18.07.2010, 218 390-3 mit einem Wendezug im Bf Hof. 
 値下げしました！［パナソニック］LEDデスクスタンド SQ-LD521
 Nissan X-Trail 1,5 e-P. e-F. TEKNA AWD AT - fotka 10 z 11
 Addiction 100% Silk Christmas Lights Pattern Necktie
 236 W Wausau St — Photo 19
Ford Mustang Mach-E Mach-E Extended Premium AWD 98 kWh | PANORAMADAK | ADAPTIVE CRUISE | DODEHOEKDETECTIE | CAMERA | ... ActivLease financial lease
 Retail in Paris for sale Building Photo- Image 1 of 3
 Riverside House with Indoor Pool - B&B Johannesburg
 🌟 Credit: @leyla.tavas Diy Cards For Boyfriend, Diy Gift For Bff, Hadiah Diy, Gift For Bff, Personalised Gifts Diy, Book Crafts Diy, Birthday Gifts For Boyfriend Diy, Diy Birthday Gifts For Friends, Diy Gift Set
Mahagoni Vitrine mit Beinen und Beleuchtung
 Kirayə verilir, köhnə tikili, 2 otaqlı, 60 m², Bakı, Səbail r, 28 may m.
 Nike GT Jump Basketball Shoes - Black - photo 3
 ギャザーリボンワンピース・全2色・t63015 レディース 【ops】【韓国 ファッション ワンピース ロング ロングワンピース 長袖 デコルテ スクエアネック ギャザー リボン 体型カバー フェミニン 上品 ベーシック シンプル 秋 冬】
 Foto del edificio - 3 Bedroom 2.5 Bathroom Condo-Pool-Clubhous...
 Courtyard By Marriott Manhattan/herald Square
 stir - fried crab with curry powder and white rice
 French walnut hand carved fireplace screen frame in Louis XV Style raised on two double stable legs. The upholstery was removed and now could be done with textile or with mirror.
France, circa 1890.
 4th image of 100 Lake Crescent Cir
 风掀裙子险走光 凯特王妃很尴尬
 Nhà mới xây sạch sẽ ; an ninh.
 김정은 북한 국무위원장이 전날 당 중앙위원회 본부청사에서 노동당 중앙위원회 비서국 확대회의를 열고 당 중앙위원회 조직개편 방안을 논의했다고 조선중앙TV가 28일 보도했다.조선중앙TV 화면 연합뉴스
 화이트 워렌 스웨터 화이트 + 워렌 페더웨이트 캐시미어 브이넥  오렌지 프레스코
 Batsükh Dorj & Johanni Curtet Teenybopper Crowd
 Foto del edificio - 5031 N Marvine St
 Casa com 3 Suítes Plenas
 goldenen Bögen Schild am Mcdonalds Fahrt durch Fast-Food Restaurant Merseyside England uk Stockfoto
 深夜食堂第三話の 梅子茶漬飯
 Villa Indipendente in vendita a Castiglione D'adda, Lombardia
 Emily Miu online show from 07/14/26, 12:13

*Task description:* Proceeding from the line containing "Retail in Paris" through the line containing "French walnut hand", transcribe the lines above exactly, both end lines included.

*Solved exercise:*
 Retail in Paris for sale Building Photo- Image 1 of 3
 Riverside House with Indoor Pool - B&B Johannesburg
 🌟 Credit: @leyla.tavas Diy Cards For Boyfriend, Diy Gift For Bff, Hadiah Diy, Gift For Bff, Personalised Gifts Diy, Book Crafts Diy, Birthday Gifts For Boyfriend Diy, Diy Birthday Gifts For Friends, Diy Gift Set
Mahagoni Vitrine mit Beinen und Beleuchtung
 Kirayə verilir, köhnə tikili, 2 otaqlı, 60 m², Bakı, Səbail r, 28 may m.
 Nike GT Jump Basketball Shoes - Black - photo 3
 ギャザーリボンワンピース・全2色・t63015 レディース 【ops】【韓国 ファッション ワンピース ロング ロングワンピース 長袖 デコルテ スクエアネック ギャザー リボン 体型カバー フェミニン 上品 ベーシック シンプル 秋 冬】
 Foto del edificio - 3 Bedroom 2.5 Bathroom Condo-Pool-Clubhous...
 Courtyard By Marriott Manhattan/herald Square
 stir - fried crab with curry powder and white rice
 French walnut hand carved fireplace screen frame in Louis XV Style raised on two double stable legs. The upholstery was removed and now could be done with textile or with mirror.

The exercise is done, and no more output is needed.